Diego Maradona is an iconic, enigmatic and tragic figure, all of which is captured in the new documentary “Diego Maradona.”
Academy Award-winning director Asif Kapadia tells Pro Soccer USA’s Glenn Crooks that he discovered 500 hours of archived footage that provides the essence of the man best known for his slalom through England in the quarterfinals of the 1986 World Cup and the “hand of God” goal in the same match.
“I can tell you that having done so much research on Diego Maradona, I’ve seen him do it three or four times,” Kapadia says. “Half the time he gets away with it, half the time he gets caught.”
Kapadia’s film, which arrives Tuesday on HBO, spends considerable time on the incredible seven years Maradona played for Napoli.

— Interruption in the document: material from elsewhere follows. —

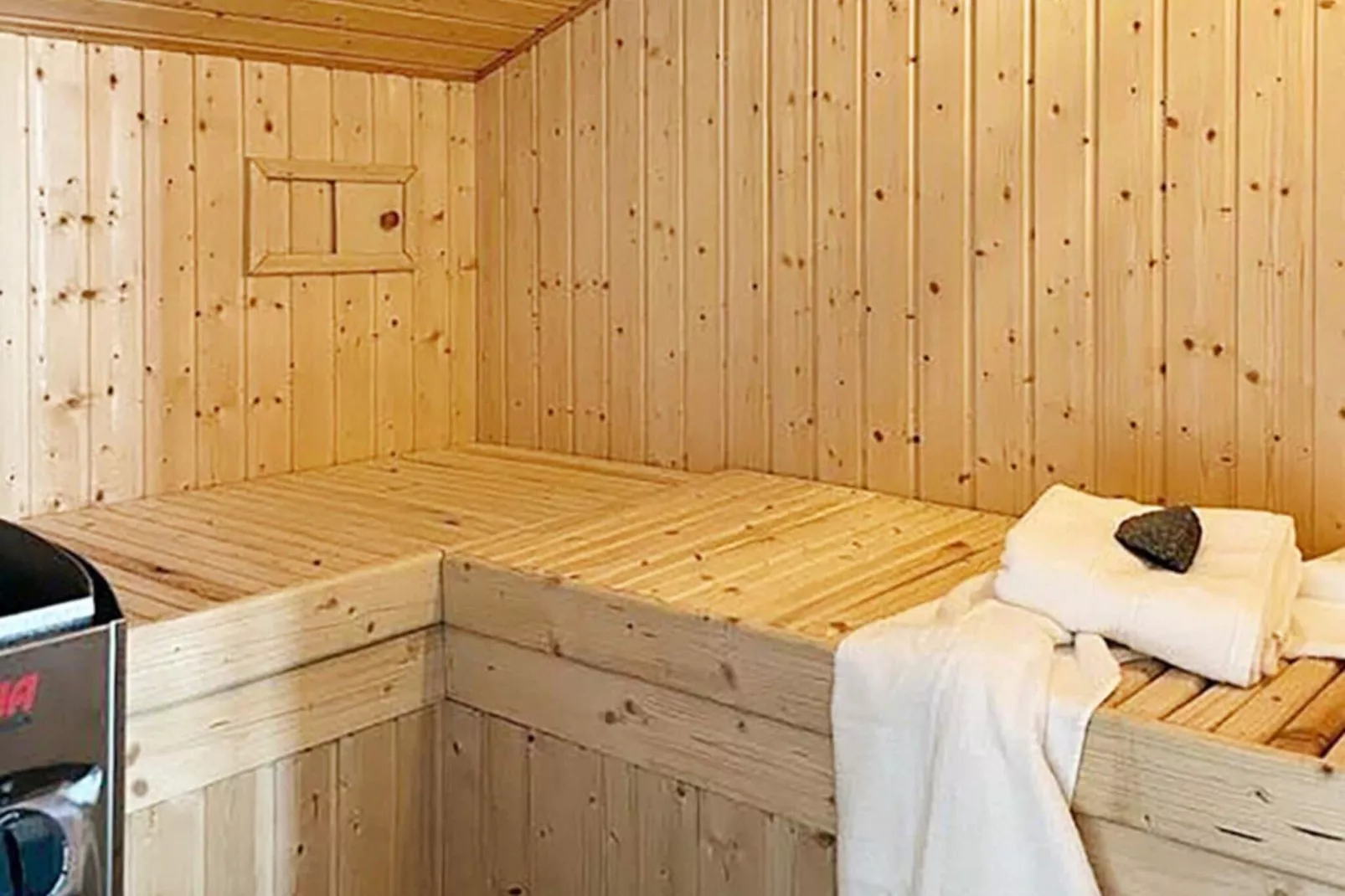 5 sterren vakantie huis in Hirtshals-By Traum-Sauna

“The most expensive player in the world goes to one of the poorest cities in Europe and takes a team that’s never won anything before, was about to be relegated and within three years wins a championship,” Kapadia says. “That is the less well-known part of his story.”
“He’s a hero, he’s a god — they love him because they’ve never won anything since. He is treated like a god. He is a myth, he is a legend. There are lots and lots of generations of kids called Diego in Italy and in Naples.”

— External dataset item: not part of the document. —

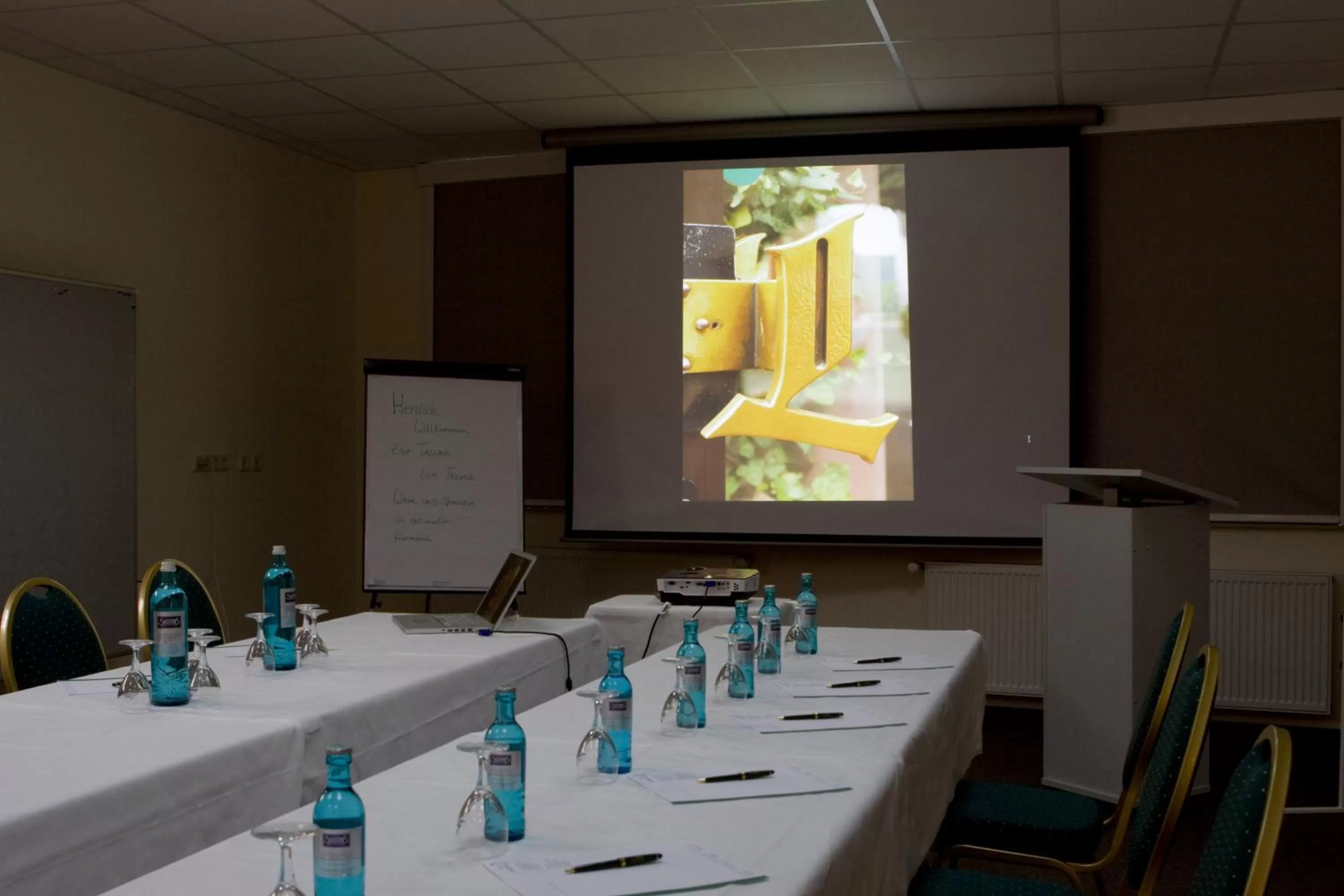 Business facilities in Hotel Lindenwirt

Also in this episode of On Frame are interviews with New York City FC head coach Dome Torrent, goalkeeper Sean Johnson and defender Sebastian Ibeagha after City clinched its first regular-season Eastern Conference championship.
NYCFC lost its match at the New England Revolution Sunday but received a little help from its friends in Columbus. The Crew defeated the Philadelphia Union 2-0, eliminating Philadelphia from contention. NYCFC and the Union meet this Sunday on the final day of Major League Soccer’s regular season.